Many of us have second language skills. We may have acquired them by growing up in a bilingual environment, through college or university studies, or are immigrants. While they may languish and go unused, there is a great way to make your foreign language skills profitable, by becoming a court interpreter. The New York State Unified Court System employs freelance court interpreters and has a need for a wide array of languages.
In order to become a court interpreter for the New York State Unified Court System a prospective interpreter must go through a two-tier examination process. The first exam is a written exam. The exam tests an applicant’s English skills and knowledge of legal terminology. After all, if someone is going to be in court all day interpreting the discourse of lawyers, judges, witnesses, and court personal, they must have a basic knowledge of rudimentary legal terms. These terms can easily be learned by reviewing a legal dictionary.
Participation in the second examination is contingent upon successful completion of the first exam. At some point after the written exam an applicant will be notified of their results through the mail. If they passed the first one, then they will then be invited to take the second part, which consists of a series of interpreting exercises which test the applicant’s ability to actually interpret in a mock courtroom setting.

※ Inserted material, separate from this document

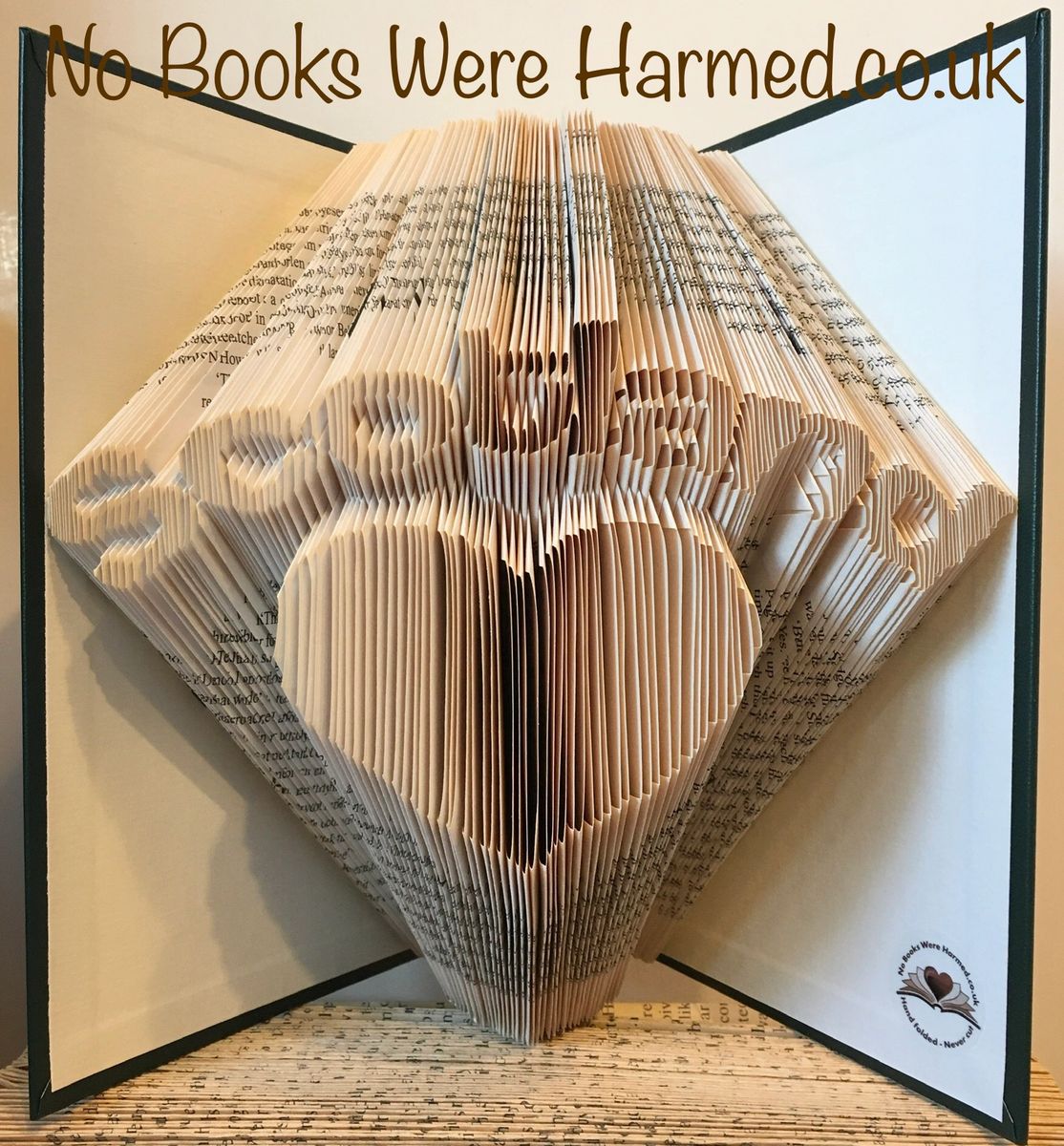 Hand-folded book art featuring the word 'Scotland' over a love heart, crafted from vintage book pages.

To apply to take the New York State Unified Court System’s exam prospective applicants should visit www.courts.state.ny.us and click on careers. From there prospective applicants can download the application in the form of a PDF. The PDF can then be printed out, filled in, and mailed to the appropriate office. It may take some time for a New York State Unified Court System representative to get in touch with an applicant; however, they should not get discouraged.
Additionally, there is one more way to become a court interpreter in the state of New York. Justice and Village Courts, which are courts that generally handle small claims and misdemeanors, hire interpreters on a more informal basis and the exam my not be needed. However, this requires more leg work on the part of a prospective interpreter, and likely prior linguistic credentials, as they need to market themselves in their locale in order to make themselves known in their local legal community.
Either way one goes about obtaining it, freelance work as a court interpreter is a rewarding way to earn supplemental income while making use of already existing skills.